- Exercise goal -
Once the line with "Feliz mujer africana" is found in the entries below, repeat it and each following line exactly, up to and including the line with "Tracteur avec coupe-herbe". Add no other lines.

- Source records -
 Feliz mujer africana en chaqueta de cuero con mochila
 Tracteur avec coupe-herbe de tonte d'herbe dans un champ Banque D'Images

...

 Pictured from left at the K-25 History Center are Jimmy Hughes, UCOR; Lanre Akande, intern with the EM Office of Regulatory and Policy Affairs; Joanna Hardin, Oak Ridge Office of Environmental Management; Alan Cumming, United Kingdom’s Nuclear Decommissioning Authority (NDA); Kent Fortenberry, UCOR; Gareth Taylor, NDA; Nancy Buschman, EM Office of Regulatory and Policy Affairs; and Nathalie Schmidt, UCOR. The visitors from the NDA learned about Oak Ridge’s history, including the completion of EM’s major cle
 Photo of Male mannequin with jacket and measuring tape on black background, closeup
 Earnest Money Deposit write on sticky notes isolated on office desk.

--

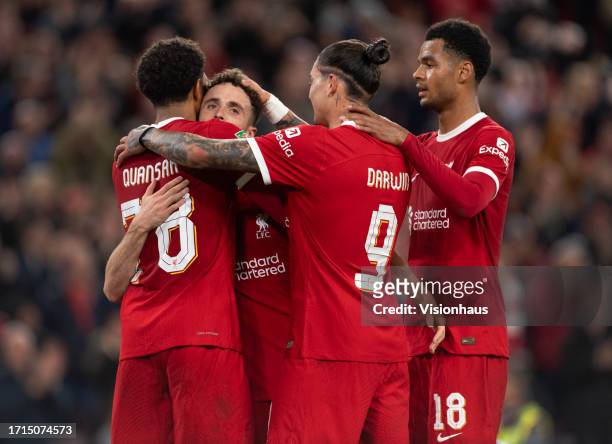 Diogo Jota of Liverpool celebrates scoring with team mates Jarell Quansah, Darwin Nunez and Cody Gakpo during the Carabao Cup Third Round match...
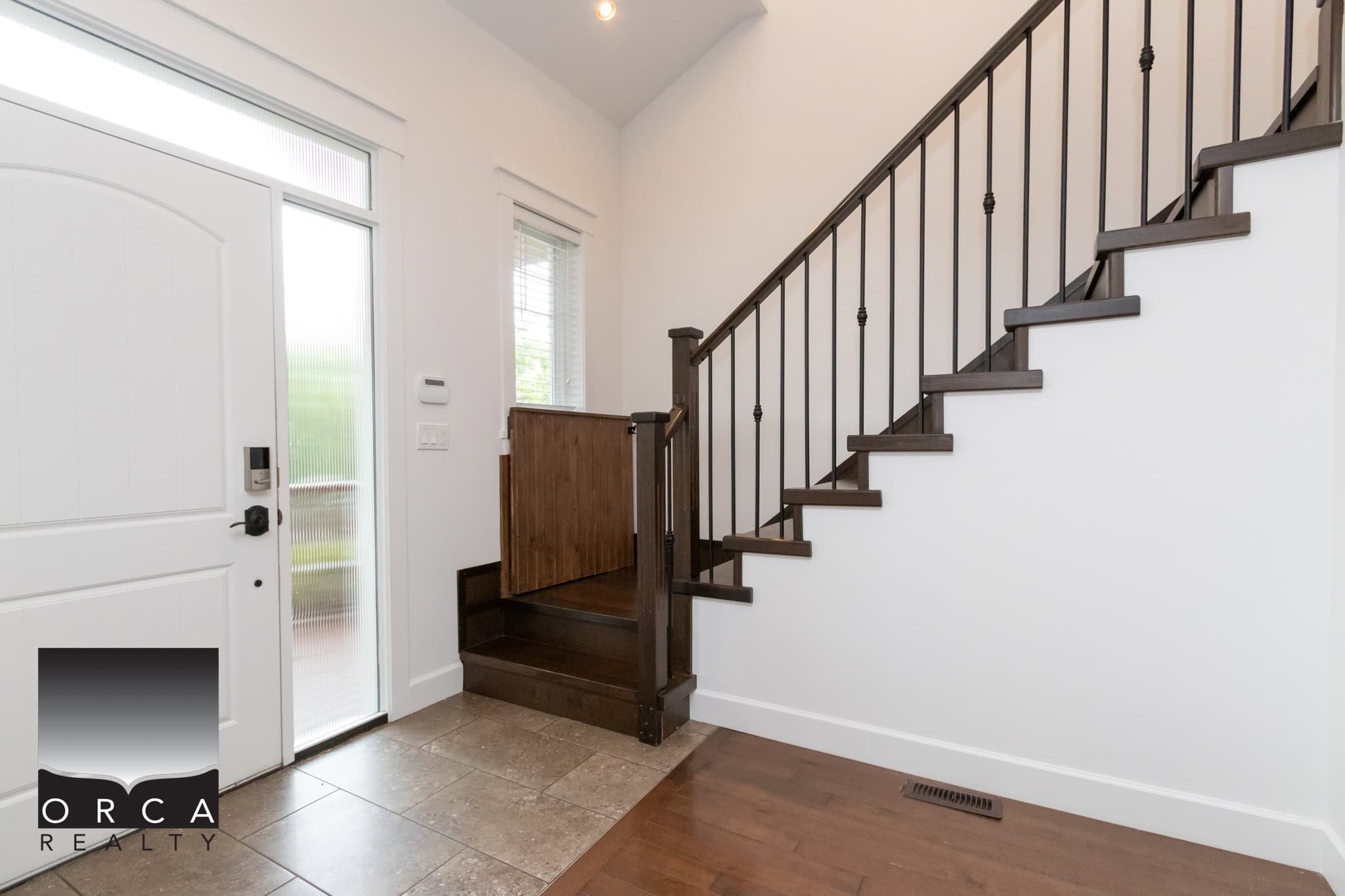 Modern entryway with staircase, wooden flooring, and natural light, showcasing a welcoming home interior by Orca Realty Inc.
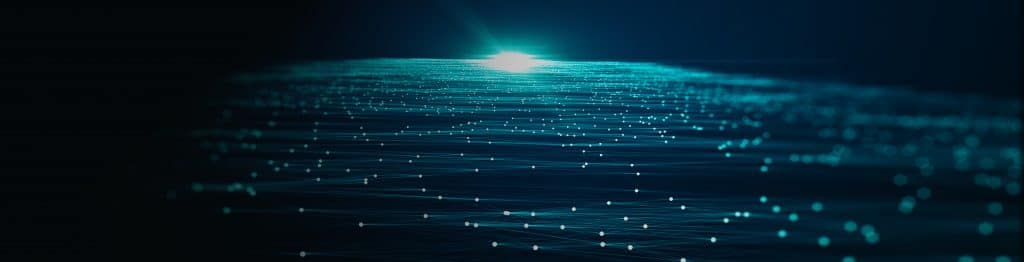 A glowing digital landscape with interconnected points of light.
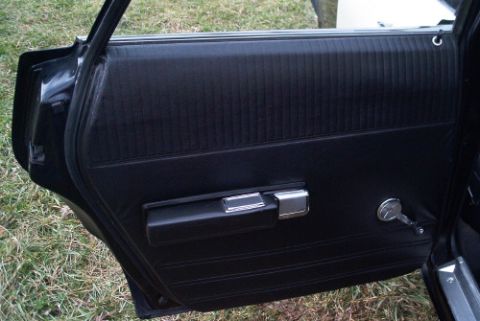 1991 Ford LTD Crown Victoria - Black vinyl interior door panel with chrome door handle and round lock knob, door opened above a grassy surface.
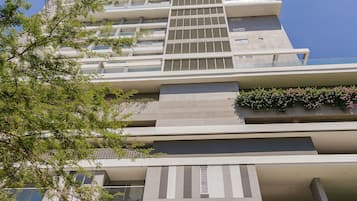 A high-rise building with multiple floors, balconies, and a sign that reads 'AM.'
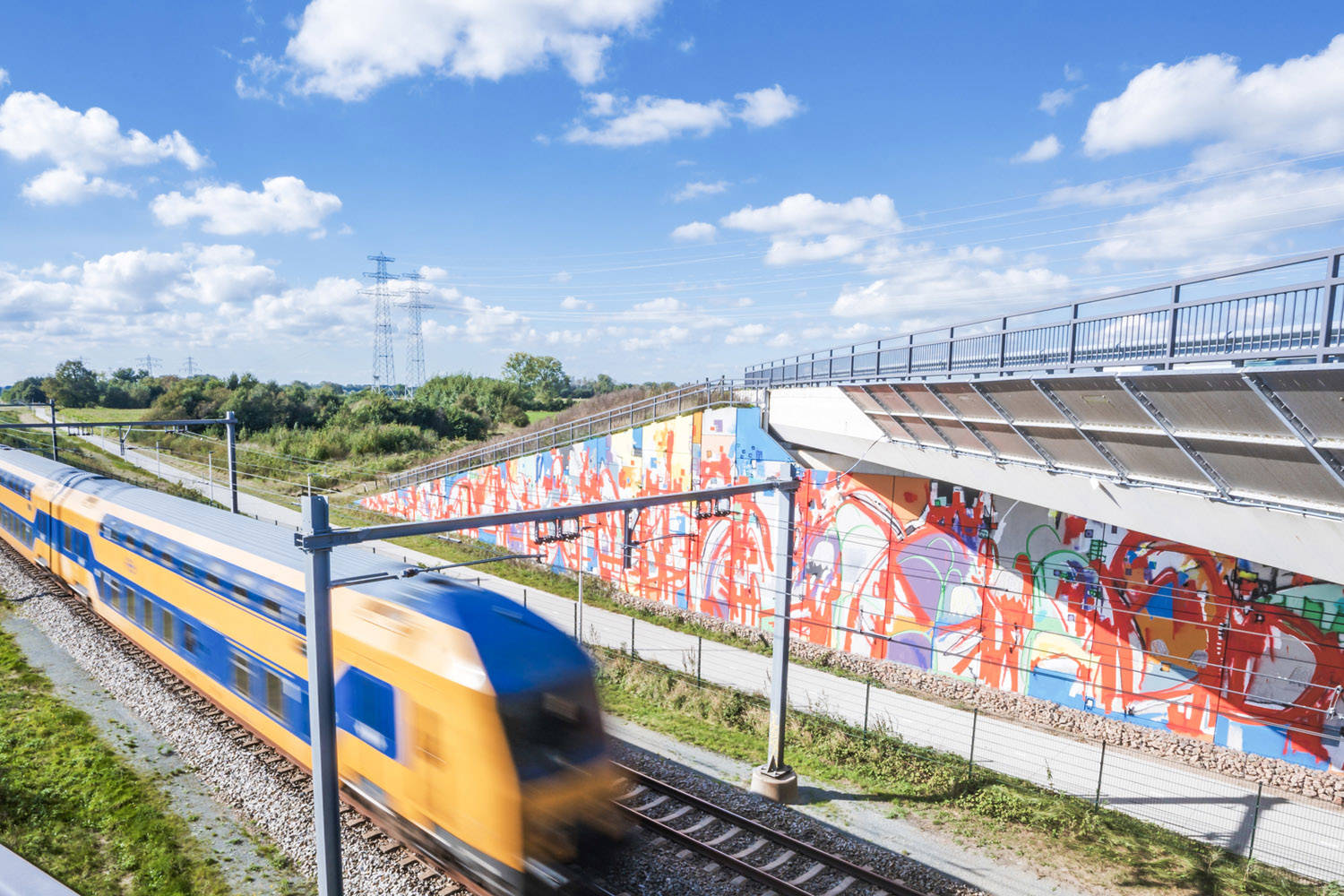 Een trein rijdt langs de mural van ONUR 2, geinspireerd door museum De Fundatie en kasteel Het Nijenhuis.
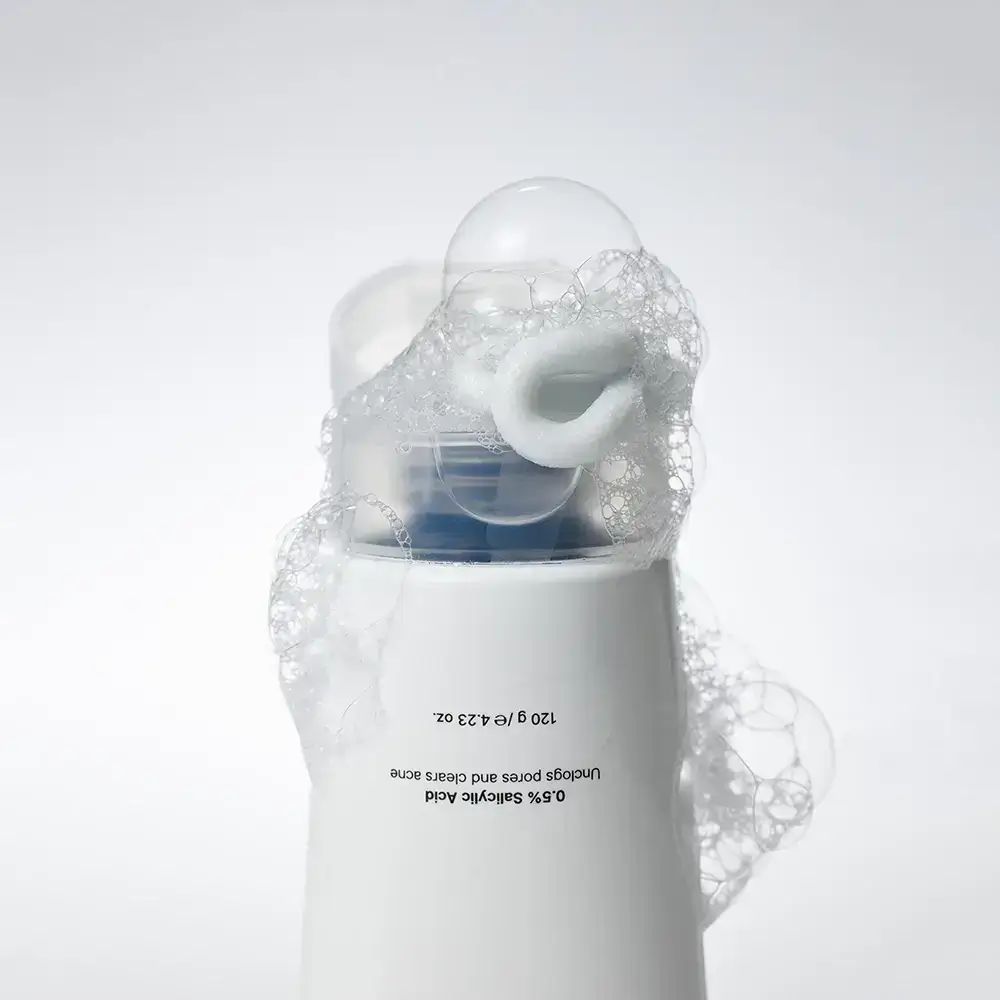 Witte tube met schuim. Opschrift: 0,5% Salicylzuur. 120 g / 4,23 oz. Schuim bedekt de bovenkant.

- Completed exercise -
 Feliz mujer africana en chaqueta de cuero con mochila
 Tracteur avec coupe-herbe de tonte d'herbe dans un champ Banque D'Images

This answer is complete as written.